In fact, her grandfather served as executive director of the Virginia Commission of Game and Inland Fisheries. The Dick Cross Wildlife Management Area in Mecklenburg County—known nationally for hosting bird dog field trials—is named in his honor.
Hanlon, who now lives in Atlanta, worked in graphic design before turning to botanical art. An aquatic series, rendered in pen, earned her a solo show at Atlanta’s Spalding Nix Fine Art Gallery. “It felt so good to start drawing again,” she says. “I’d missed the process of making art with my hands.” Next, she tried colored pencils, drawing the butterflies, beetles, and plants of the Southeast. “I hadn’t picked up a colored pencil since seventh grade,” she says. “It just clicked.”

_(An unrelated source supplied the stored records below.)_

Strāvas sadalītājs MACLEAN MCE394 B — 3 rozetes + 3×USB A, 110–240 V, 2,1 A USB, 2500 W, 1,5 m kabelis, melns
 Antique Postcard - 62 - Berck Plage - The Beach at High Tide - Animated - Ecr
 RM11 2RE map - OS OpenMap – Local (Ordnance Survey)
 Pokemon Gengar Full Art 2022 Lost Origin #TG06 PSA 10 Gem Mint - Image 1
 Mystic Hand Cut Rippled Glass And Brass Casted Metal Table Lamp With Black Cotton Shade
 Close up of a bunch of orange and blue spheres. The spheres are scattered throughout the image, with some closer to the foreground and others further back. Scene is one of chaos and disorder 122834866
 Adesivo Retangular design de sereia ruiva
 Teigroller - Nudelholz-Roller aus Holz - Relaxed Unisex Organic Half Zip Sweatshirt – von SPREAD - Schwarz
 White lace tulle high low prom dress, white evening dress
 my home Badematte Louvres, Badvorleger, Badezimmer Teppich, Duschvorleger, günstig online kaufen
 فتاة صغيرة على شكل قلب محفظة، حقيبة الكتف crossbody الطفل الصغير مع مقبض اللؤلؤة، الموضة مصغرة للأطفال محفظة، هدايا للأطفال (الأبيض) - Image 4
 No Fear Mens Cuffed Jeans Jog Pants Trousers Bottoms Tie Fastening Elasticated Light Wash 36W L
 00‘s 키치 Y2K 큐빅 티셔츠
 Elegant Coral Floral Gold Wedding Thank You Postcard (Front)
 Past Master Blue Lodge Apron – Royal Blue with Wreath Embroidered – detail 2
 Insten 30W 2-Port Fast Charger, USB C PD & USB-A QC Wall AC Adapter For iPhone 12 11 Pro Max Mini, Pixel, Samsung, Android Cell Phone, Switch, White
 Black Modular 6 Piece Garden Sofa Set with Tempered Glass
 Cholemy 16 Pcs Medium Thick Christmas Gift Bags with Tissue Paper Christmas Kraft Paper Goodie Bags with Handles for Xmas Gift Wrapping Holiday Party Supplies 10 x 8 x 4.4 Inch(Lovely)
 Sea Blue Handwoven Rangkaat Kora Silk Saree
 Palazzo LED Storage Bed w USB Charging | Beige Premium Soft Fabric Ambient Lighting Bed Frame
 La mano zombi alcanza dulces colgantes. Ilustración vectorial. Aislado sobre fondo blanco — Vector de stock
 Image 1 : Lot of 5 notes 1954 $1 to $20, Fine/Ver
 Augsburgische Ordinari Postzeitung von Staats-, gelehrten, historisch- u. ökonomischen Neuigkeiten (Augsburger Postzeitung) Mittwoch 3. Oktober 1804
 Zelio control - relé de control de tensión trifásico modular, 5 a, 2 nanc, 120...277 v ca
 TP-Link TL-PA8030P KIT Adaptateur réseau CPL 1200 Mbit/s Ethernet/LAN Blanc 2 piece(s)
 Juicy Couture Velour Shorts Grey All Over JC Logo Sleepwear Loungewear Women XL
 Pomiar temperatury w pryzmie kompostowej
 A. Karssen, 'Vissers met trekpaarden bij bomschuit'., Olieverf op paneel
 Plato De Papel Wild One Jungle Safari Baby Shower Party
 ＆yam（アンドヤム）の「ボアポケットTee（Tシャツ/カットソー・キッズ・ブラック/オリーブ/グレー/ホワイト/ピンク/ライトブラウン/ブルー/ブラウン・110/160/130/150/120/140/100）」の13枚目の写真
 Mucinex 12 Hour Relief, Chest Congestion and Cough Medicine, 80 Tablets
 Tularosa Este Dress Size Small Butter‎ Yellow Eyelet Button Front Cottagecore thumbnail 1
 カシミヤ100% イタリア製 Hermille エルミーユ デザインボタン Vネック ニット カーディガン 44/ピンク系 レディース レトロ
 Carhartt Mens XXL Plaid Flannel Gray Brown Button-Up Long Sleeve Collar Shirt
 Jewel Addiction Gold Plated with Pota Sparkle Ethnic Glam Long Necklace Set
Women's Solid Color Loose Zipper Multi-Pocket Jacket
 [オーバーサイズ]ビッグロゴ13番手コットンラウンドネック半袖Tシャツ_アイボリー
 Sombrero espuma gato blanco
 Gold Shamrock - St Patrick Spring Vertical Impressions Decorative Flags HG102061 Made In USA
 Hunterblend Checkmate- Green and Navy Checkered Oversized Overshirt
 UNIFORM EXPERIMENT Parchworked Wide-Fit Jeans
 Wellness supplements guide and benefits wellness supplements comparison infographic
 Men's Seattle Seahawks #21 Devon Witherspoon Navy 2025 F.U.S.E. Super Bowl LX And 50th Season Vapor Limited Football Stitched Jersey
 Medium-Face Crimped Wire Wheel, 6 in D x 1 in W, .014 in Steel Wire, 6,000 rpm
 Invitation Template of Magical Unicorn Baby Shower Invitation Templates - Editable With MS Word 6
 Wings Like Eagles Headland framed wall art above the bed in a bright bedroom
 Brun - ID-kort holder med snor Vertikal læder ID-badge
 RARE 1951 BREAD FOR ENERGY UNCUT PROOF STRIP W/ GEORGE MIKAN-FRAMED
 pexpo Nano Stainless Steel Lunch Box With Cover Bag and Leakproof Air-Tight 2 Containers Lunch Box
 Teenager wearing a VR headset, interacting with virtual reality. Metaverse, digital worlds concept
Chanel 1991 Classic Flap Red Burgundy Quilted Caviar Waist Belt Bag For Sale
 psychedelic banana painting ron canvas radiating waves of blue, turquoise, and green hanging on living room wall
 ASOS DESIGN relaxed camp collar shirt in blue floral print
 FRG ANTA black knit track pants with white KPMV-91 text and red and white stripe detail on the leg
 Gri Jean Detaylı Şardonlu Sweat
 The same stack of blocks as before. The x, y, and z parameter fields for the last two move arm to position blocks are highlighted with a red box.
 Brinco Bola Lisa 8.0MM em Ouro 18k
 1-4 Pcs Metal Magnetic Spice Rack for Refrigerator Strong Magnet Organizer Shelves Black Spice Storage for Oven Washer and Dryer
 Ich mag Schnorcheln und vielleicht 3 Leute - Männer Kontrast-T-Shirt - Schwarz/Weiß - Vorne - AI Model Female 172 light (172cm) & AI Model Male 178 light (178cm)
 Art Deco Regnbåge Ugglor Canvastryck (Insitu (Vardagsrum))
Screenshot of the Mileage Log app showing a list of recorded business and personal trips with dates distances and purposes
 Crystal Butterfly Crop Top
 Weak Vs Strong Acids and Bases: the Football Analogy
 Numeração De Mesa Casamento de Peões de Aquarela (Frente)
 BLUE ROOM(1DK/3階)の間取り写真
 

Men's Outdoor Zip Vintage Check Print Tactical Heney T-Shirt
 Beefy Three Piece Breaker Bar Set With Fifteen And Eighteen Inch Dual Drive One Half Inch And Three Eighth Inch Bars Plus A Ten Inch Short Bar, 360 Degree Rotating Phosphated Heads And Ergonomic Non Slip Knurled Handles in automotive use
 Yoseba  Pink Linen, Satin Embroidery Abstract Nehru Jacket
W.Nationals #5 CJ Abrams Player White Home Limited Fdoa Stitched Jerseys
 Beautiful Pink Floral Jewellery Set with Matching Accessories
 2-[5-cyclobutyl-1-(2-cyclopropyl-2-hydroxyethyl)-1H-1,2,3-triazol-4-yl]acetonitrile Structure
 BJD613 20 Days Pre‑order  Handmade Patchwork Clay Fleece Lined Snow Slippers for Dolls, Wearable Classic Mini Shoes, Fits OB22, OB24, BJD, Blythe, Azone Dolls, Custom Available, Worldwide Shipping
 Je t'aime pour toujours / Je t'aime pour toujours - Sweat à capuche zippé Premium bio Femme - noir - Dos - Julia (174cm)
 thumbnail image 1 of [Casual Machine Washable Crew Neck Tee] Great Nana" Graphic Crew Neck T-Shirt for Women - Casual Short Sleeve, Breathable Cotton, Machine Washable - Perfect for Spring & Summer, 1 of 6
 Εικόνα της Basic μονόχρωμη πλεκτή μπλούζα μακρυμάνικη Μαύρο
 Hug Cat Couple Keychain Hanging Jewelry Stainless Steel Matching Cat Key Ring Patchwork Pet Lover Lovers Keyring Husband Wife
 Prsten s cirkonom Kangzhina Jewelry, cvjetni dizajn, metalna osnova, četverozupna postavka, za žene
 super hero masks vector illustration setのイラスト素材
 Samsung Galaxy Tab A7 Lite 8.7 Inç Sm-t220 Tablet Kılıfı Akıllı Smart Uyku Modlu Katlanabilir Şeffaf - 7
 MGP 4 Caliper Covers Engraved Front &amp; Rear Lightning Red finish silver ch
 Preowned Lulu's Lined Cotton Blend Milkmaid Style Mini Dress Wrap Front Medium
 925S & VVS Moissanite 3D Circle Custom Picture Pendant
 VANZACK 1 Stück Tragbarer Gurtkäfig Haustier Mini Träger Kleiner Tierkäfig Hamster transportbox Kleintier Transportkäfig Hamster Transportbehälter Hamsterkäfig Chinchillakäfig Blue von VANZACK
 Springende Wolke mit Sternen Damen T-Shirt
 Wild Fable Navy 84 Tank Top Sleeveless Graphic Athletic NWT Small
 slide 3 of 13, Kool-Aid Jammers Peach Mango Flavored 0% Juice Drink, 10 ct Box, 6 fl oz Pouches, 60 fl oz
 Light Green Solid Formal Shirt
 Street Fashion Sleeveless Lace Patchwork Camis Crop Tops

A keen observer, Hanlon captures the natural world in exquisite detail. “I wanted to celebrate the species we’re so used to seeing, but in a new way,” she notes. Virginians will find her spectacular magnolias and colorful swallowtail butterflies familiar, while her fig renderings are faithful to the fig trees near her family’s summer cottage at Gloucester Point.
Like John J. Audubon and Charles Darwin, Hanlon often uses plant and insect specimens to get the details just right. “There’s nothing more fun than researching species to create a truly custom and personal piece for a client,” Hanlon says. In addition to private commissions, she’s currently at work on her next solo exhibit, coming this fall.